Eily paused, fairly out of breath, just as Mrs. O'Shaughnessy entered, bringing her rather scanty supper. There was quite a pile of jewels in her lap and about her feet, while a good many had rolled to a distance; but her heart sank within her as she compared the result of three hours' steady talking with the end to which the rapacious doctor aspired.

She was allowed to eat her supper in peace, but no sooner was it finished than the questioning began again, and it was not until ten o'clock had struck that the exhausted child was allowed to lay her head down on the rude bed which Mrs. O'Shaughnessy had hastily made up for her.

The next day was a weary one for poor Eily. From morning till night she was obliged to talk incessantly, with only a brief space allowed for her meals. The doctor and his wife mounted guard by turns, each asking questions, until to the child's fancy they seemed like nothing but living interrogation points. All day long, no matter what she was talking about,—the potato-crop, or the black hen that the fox stole, or Phelim's measles,—her mind was fixed on one idea, that of escaping from her prison. If only some fortunate chance would call them both out of the room at once! But, alas! that never happened. There was always a pair of greedy eyes fixed on her, and on the now hated jewels which dropped in an endless stream from her lips; always a harsh voice in her ears, rousing her, if she paused for an instant, by new questions as stupid as they were long.

Once, indeed, the child stopped short, and declared that she could not and would not talk any more; but she was speedily shown the end of a birch rod, with the hint that the doctor "would be loth to use the likes av it on Dinnis Macarthy's choild; but her parints had given him charge to dhrive out the witchcraft be hook or be crook; and av a birch rod wasn't first cousin to a crook, what was it at all?" and Eily was forced to find her powers of speech again.

By nightfall of this day the room was ankle-deep in pearls and diamonds. A wonderful sight it was, when the moon looked in at the window, and shone on the lustrous and glittering heaps which Mrs. O'Shaughnessy piled up with her broom. The woman was fairly frightened at the sight of so much treasure, and she crossed herself many times as she lay down on the mat beside Eileen's truckle-bed, muttering to herself, "Michael knows bist, I suppose; but sorrow o' me if I can feel as if there was a blissing an it, ava'!"

The third day came, and was already half over, when an urgent summons came for Doctor O'Shaughnessy. One of his richest patrons had fallen from his horse and broken his leg, and the doctor must come on the instant. The doctor grumbled and swore, but there was no help for it; so he departed, after making his wife vow by all the saints in turn, that she would not leave Eileen's side for an instant until he returned.

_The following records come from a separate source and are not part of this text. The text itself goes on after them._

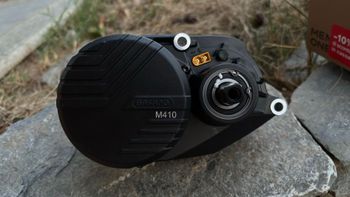 Brugt bafang M410 Mid-Drive Motor Cycling Accessories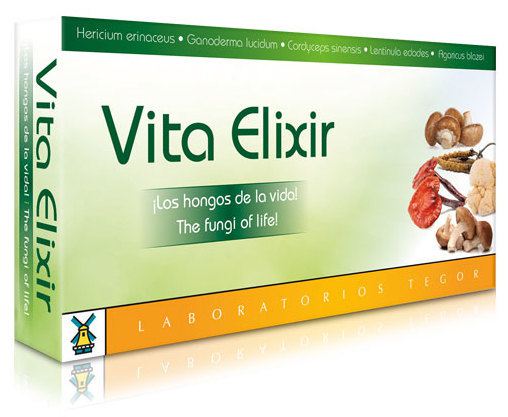 Vita Elixir 60 Kapseln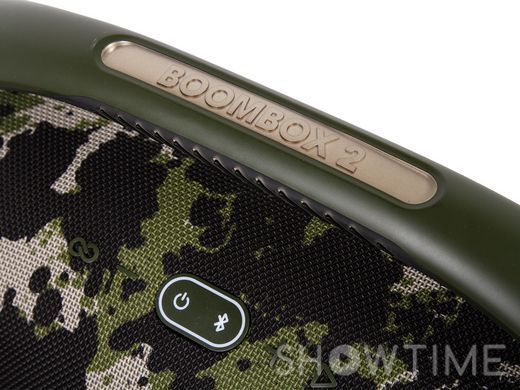 Акустична система JBL Boombox 2 SQUAD (JBLBOOMBOX2SQUADEU) 532301 фото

When Eily heard the rattle of the gig and the sound of the pony's feet, and knew that the most formidable of her jailers was actually gone, her heart beat so loud for joy that she feared its throbbing would be heard. Now, at last, a loop-hole seemed to open for her. She had a plan already in her head, and now there was a chance for her to carry it out. But an Irish girl of ten has shrewdness beyond her years, and no gleam of expression appeared in Eileen's face as she spoke to Mrs. O'Shaughnessy, who had been standing by the window to watch her husband's departure, and who now returned to her seat.

"We'll be missin' the docthor this day, ma'm, won't we?" she said. "He's so agrayable, ain't he, now?"

"He is that!" replied Mrs. O'Shaughnessy, with something of a sigh. "He's rale agrayable, Michael is—whin he wants to be," she added. "Yis, I'll miss um more nor common to-day, for 'tis worn out I am intirely wid shlapin so little these two nights past. Sure, I can't shlape, wid thim things a-shparklin' an' a-glowerin' at me the way they do; and now I'll not get me nap at all this afthernoon, bein' I must shtay here and kape ye talkin' till the docthor cooms back. Me hid aches, too, mortial bad!"

"Do it, now?" said Eily, soothingly. "Arrah, it's too bad, intirely! Will I till ye a little shtory that me grandmother hed for the hidache?"